**Recorded information**
┌────────

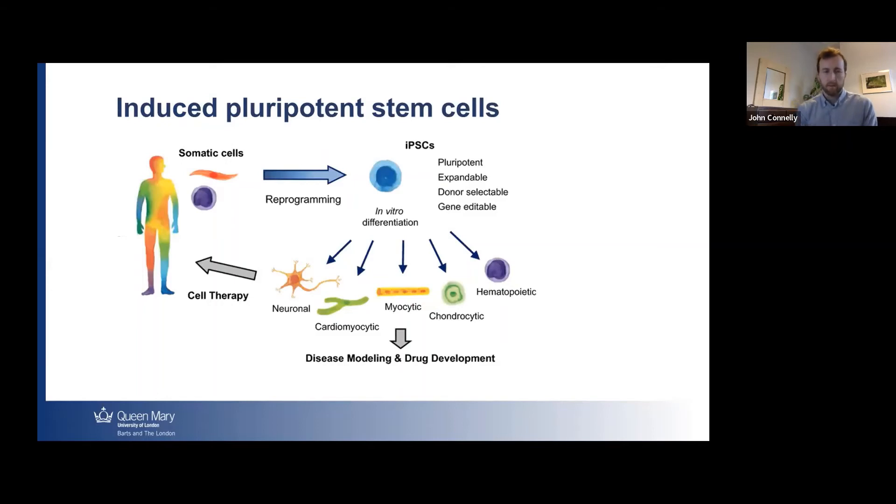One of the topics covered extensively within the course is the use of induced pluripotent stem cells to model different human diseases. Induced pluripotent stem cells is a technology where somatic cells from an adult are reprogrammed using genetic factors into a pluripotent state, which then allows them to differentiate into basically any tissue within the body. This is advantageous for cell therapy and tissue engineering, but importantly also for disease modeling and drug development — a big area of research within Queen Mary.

└────────
┌────────

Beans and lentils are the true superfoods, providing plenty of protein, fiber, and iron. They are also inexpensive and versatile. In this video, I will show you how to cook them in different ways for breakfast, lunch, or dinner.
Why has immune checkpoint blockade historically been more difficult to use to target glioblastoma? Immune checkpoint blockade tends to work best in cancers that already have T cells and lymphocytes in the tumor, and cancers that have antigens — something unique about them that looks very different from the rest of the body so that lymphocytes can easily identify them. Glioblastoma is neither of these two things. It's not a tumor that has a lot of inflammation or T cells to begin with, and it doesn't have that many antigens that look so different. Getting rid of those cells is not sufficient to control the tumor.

└────────

**Problem statement**
In the material above, find the line containing "Beans and lentils" and the line containing "Why has immune", then write out exactly those two lines and every line between them, and nothing more.

**Answer section**
Beans and lentils are the true superfoods, providing plenty of protein, fiber, and iron. They are also inexpensive and versatile. In this video, I will show you how to cook them in different ways for breakfast, lunch, or dinner.
Why has immune checkpoint blockade historically been more difficult to use to target glioblastoma? Immune checkpoint blockade tends to work best in cancers that already have T cells and lymphocytes in the tumor, and cancers that have antigens — something unique about them that looks very different from the rest of the body so that lymphocytes can easily identify them. Glioblastoma is neither of these two things. It's not a tumor that has a lot of inflammation or T cells to begin with, and it doesn't have that many antigens that look so different. Getting rid of those cells is not sufficient to control the tumor.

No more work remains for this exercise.